§ **WHAT IS NEEDED**: Since pictures are not part of the copy, please output only the lines from the one with "referee Wesli De" through the end of the data below, exactly as written.
*** Begin section ***
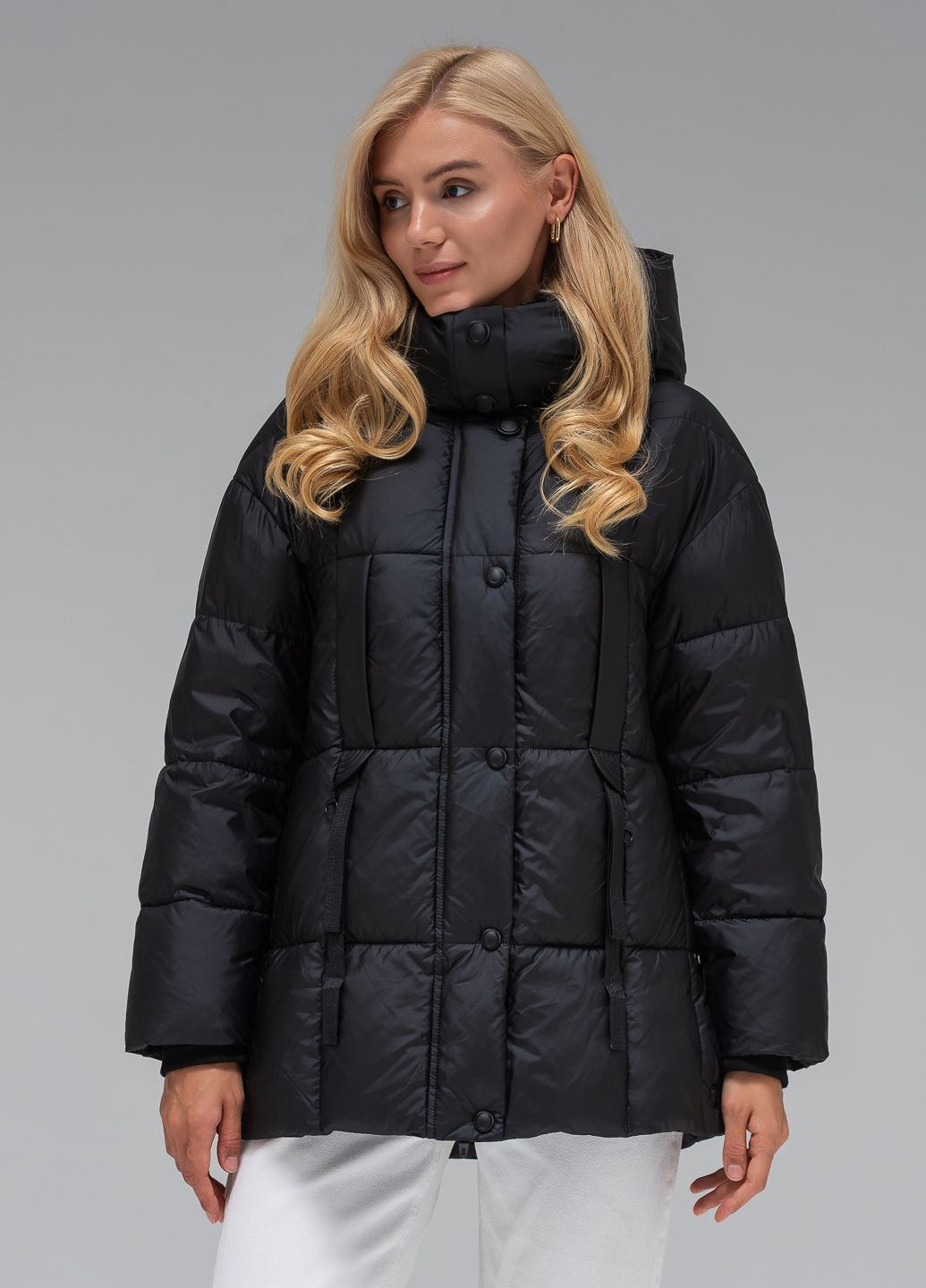 Чорна зимня куртка з капюшоном модель Viva 066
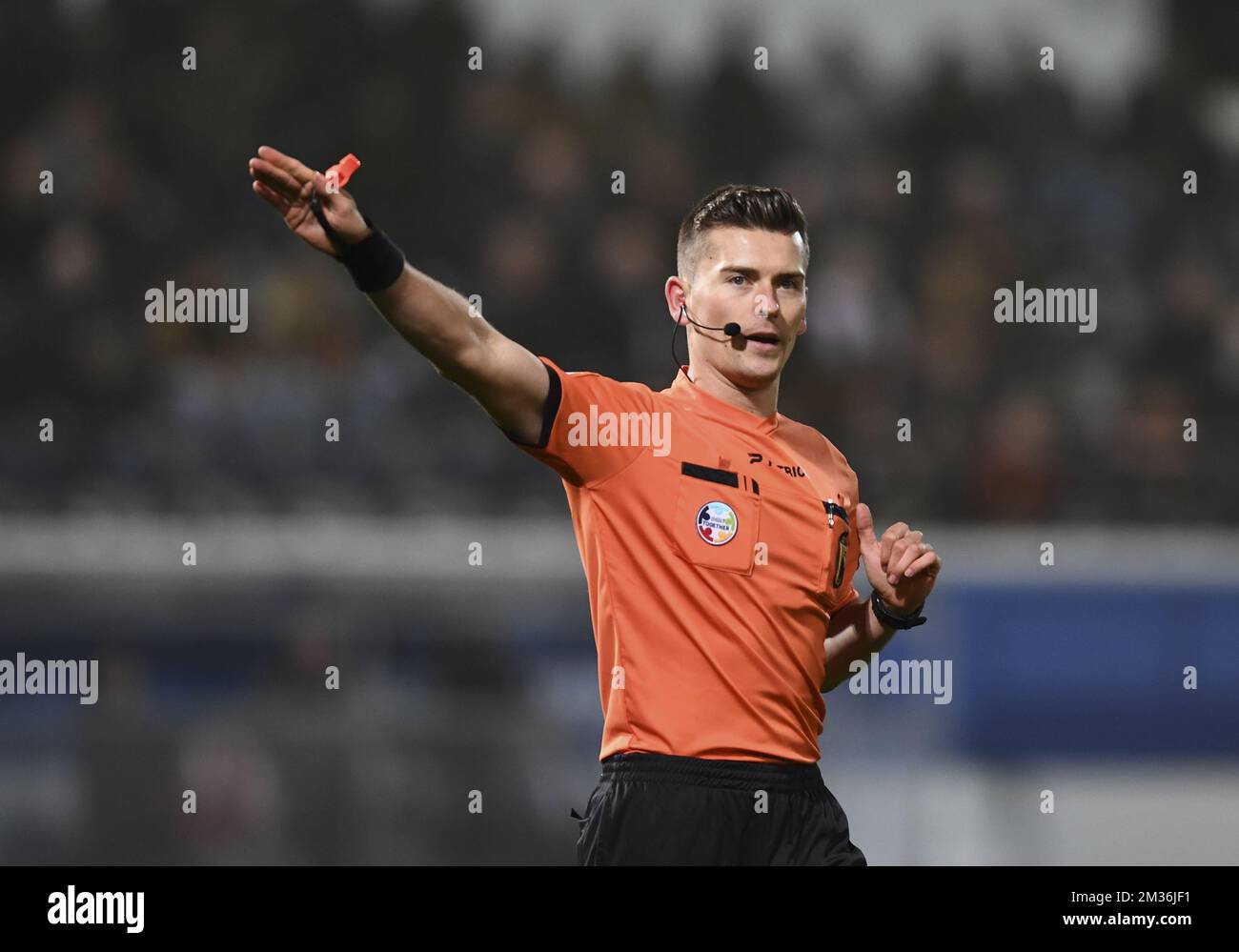 referee Wesli De Cremer is pictured during a soccer match between Oud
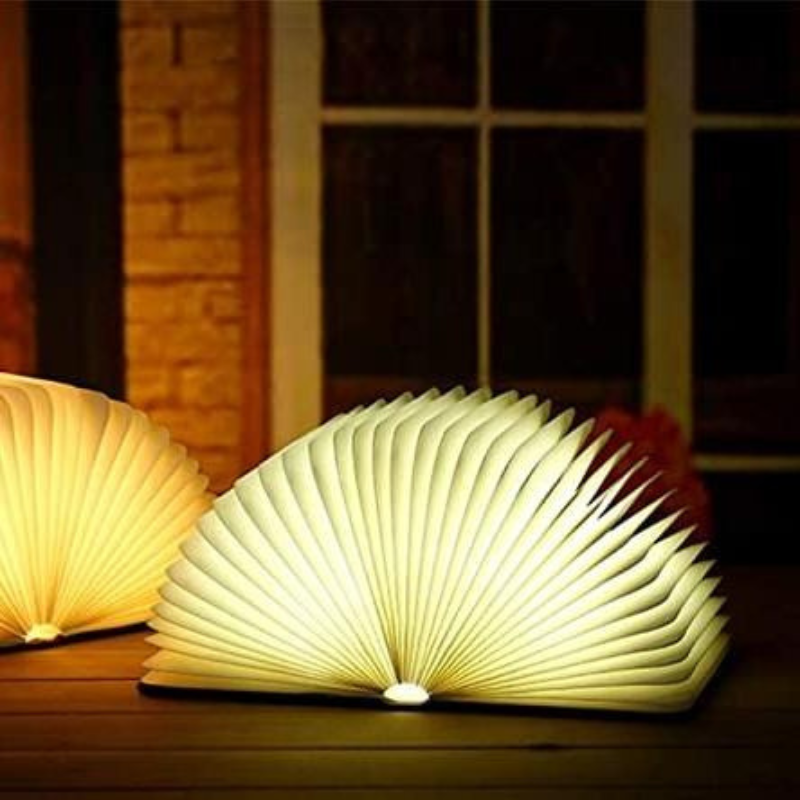 Mystische LED-Lampe in Buchform, faltbares Design mit warmem Licht, tragbar und wiederaufladbar für Schlafzimmer oder Arbeitszimmer.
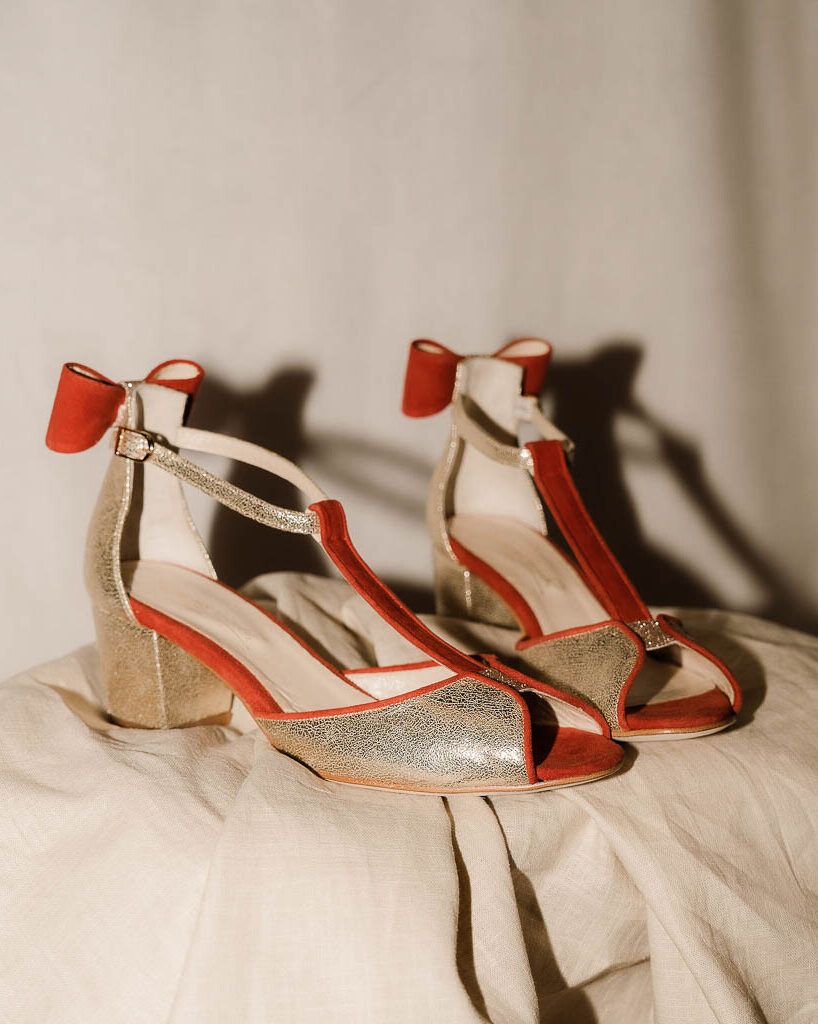 Charlotte en cuir velours terracotta et irisé champagne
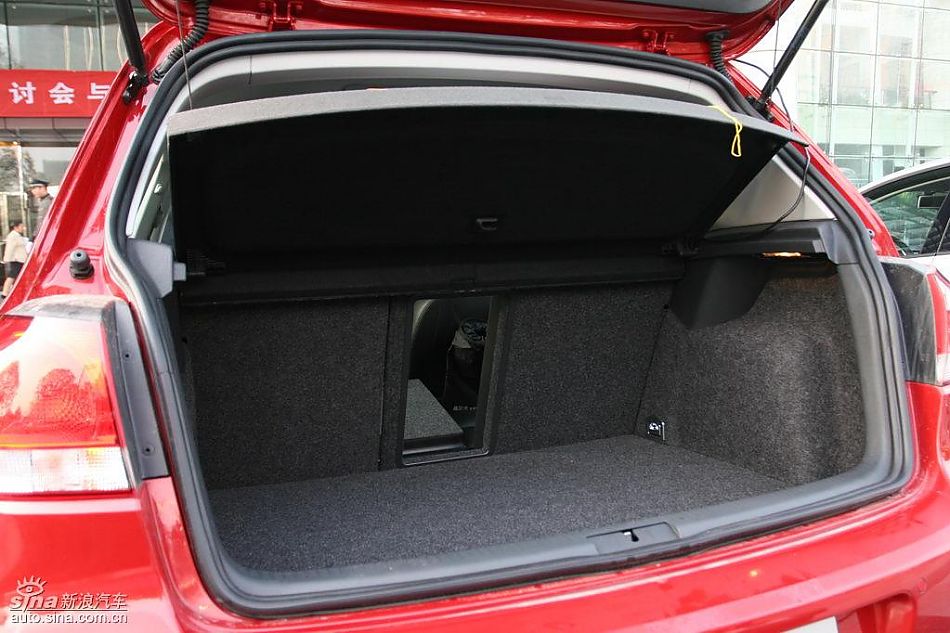 第六代高尔夫内饰及细节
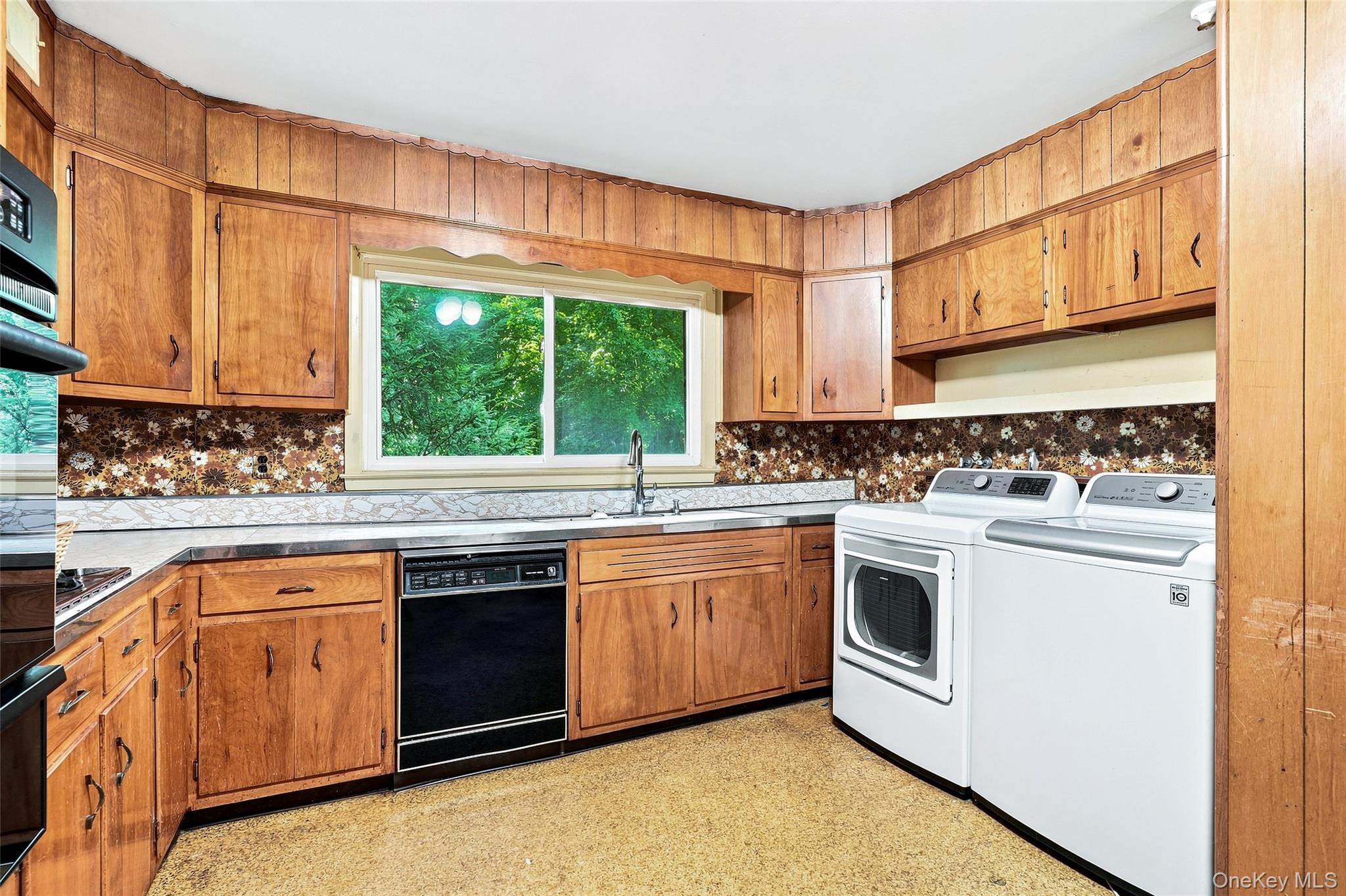 7 Overhill Road – For Sale photo 16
*** End section ***
§ **EXERCISE RESULT**:
 referee Wesli De Cremer is pictured during a soccer match between Oud
 Mystische LED-Lampe in Buchform, faltbares Design mit warmem Licht, tragbar und wiederaufladbar für Schlafzimmer oder Arbeitszimmer.
 Charlotte en cuir velours terracotta et irisé champagne
 第六代高尔夫内饰及细节
 7 Overhill Road – For Sale photo 16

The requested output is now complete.